If I add an ACCEPT rule for port 4096 - instead of DROP, the client reaches the client_ready state - the connection appears to be successful. But then I cannot start Wireguard on the client because the port is already being used (by udp2raw).

"Wireguard port being used" is not relevant to iptables or nftables rules or udp2raw can connect or not.

If it says port occupied there must be some problem in otherwhere.

Check your settings of wireguard, and see if you specific some source port to use.
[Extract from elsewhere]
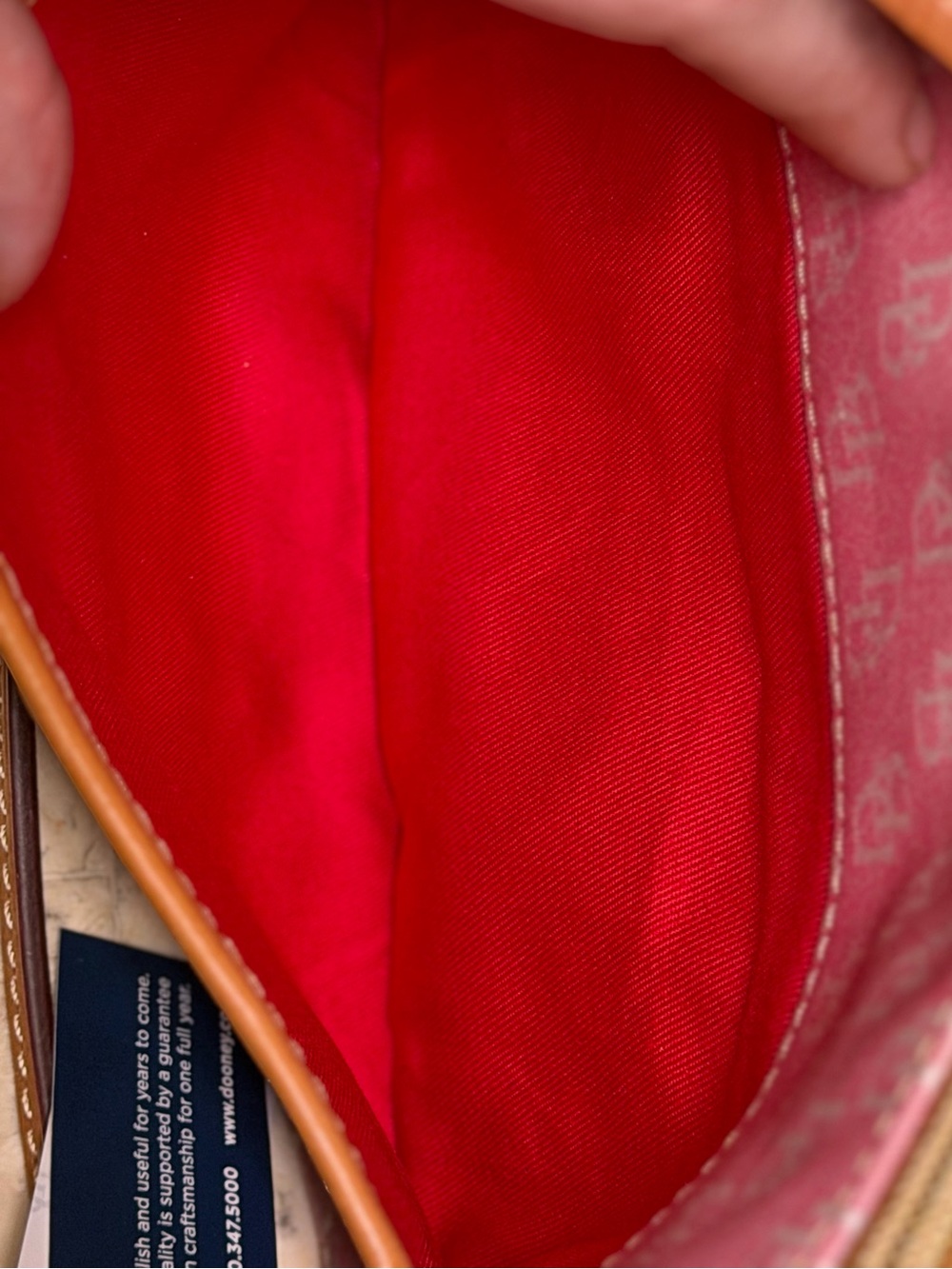 Pink Dooney & Bourke Crossbody Bag with Tan Leather Trim - Picture 5 of 10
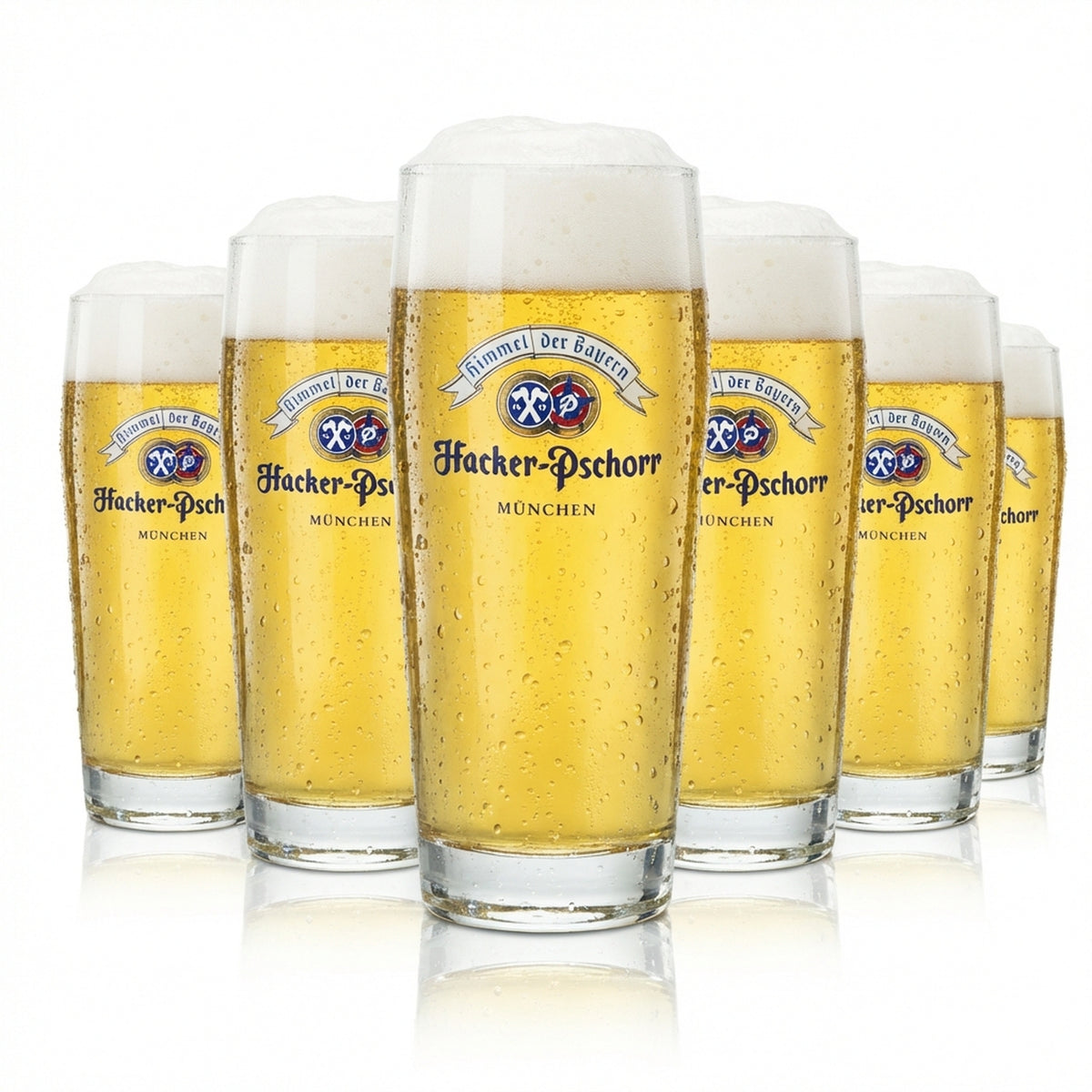 6x Hacker Pschorr Szklanka do piwa 0,5l Willi Kufel do piwa Heaven of Bavaria Szklanki do piwa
Remove the source port or change to another source port.

On the client side it's typically not necessary to specify a source port.

[o-alquimista]

I commented out the ListenPort in the wireguard client config, so it picks a random port on startup. After bringing wireguard up, I take note of the port number and pass it to the udp2raw client command: -l0.0.0.0:<random_port>. But sadly it's still not working.
It's not completing the handshake. It's like client and server are not agreeing on something. I even see "new packet from 127.0.0.1:55820".

I'm about to give up trying to run udp2raw on OpenWrt. I've used it successfully before on a Raspberry Pi. I just wonder if it's possible to keep wireguard on the router, and run udp2raw somewhere else in the LAN.